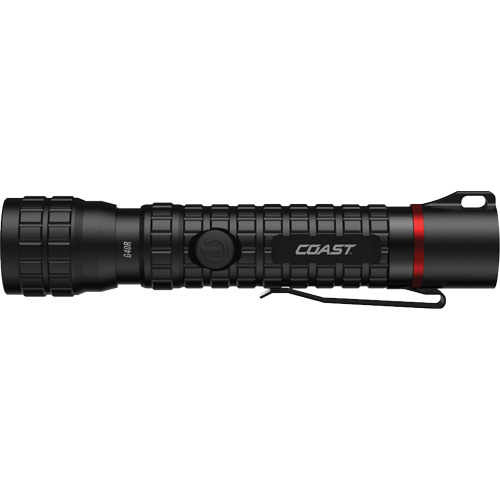 G40R Waterproof Flashlight with Twist Focus, LED, 650 Lumens, Rechargeable Batteries Waymarc Industries Inc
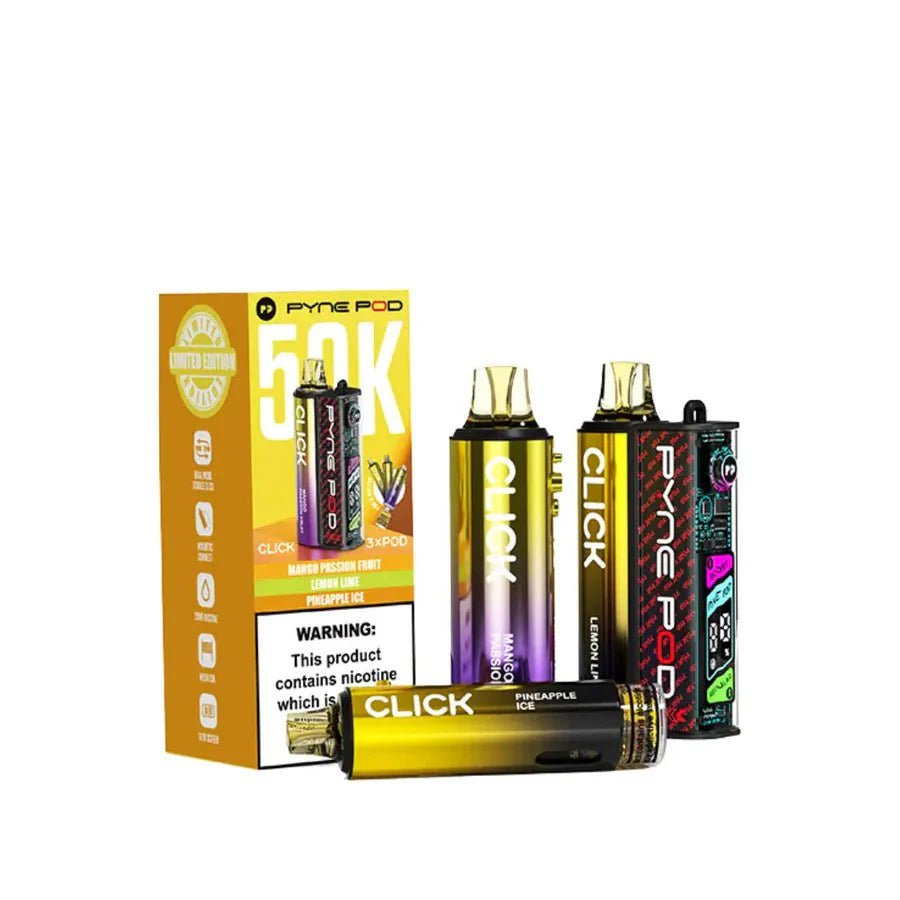Pyne Pod Click 50K Vape Kit - Box of 5 - Sssvapes.co.ukPYNE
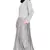 Silver Plain Polyester Abaya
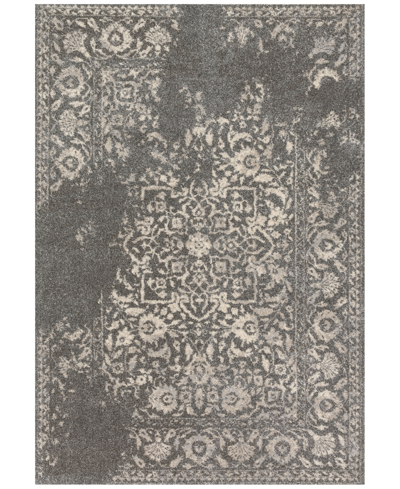 Spring Valley Home Closeout! Loloi Emory Eb-01 Charcoal/ivory 2'5" X 7'7" Runner Area Rug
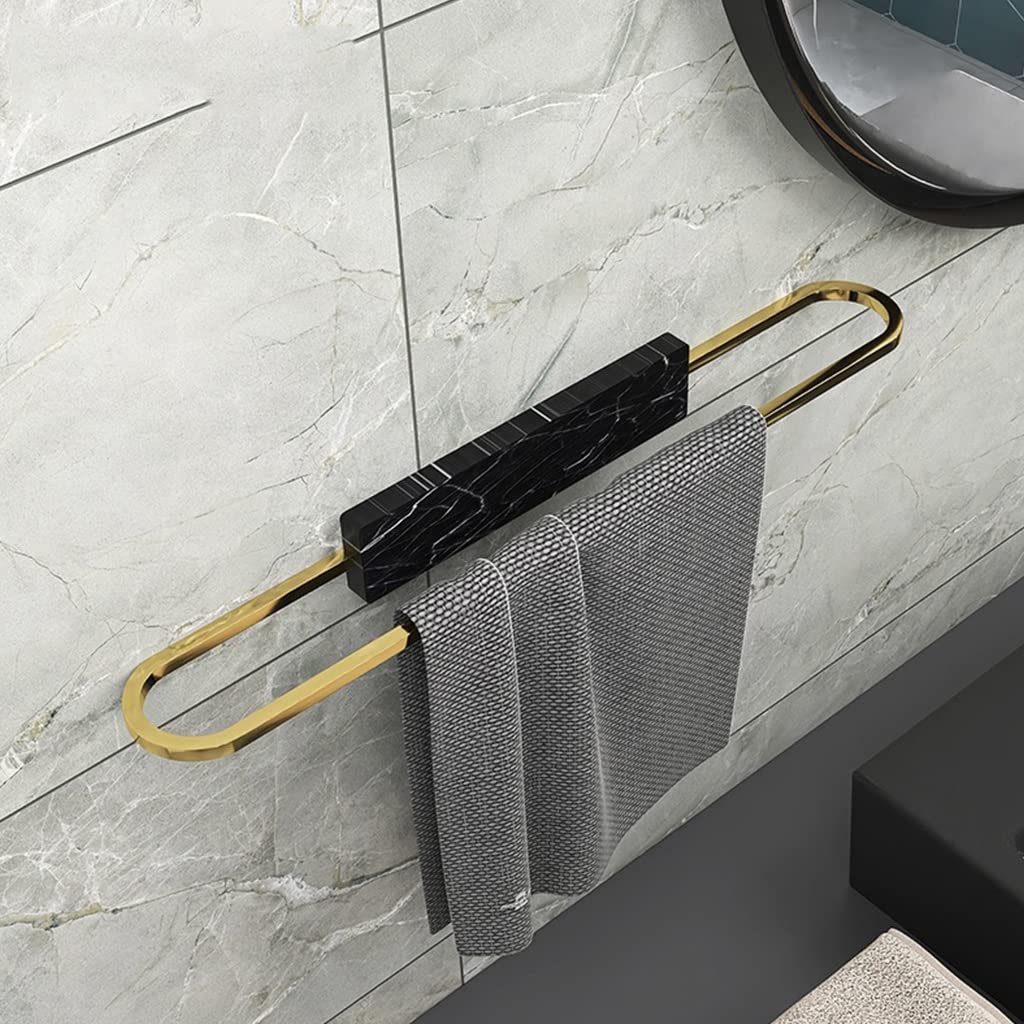 Barre porte-serviettes de style européen en métal pour salle de bain modèle A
:::::
Exercise brief: Retype the listing exactly. Leave out its pictures.

Solution for this task:
 G40R Waterproof Flashlight with Twist Focus, LED, 650 Lumens, Rechargeable Batteries Waymarc Industries Inc
Pyne Pod Click 50K Vape Kit - Box of 5 - Sssvapes.co.ukPYNE
 Silver Plain Polyester Abaya
 Spring Valley Home Closeout! Loloi Emory Eb-01 Charcoal/ivory 2'5" X 7'7" Runner Area Rug
 Barre porte-serviettes de style européen en métal pour salle de bain modèle A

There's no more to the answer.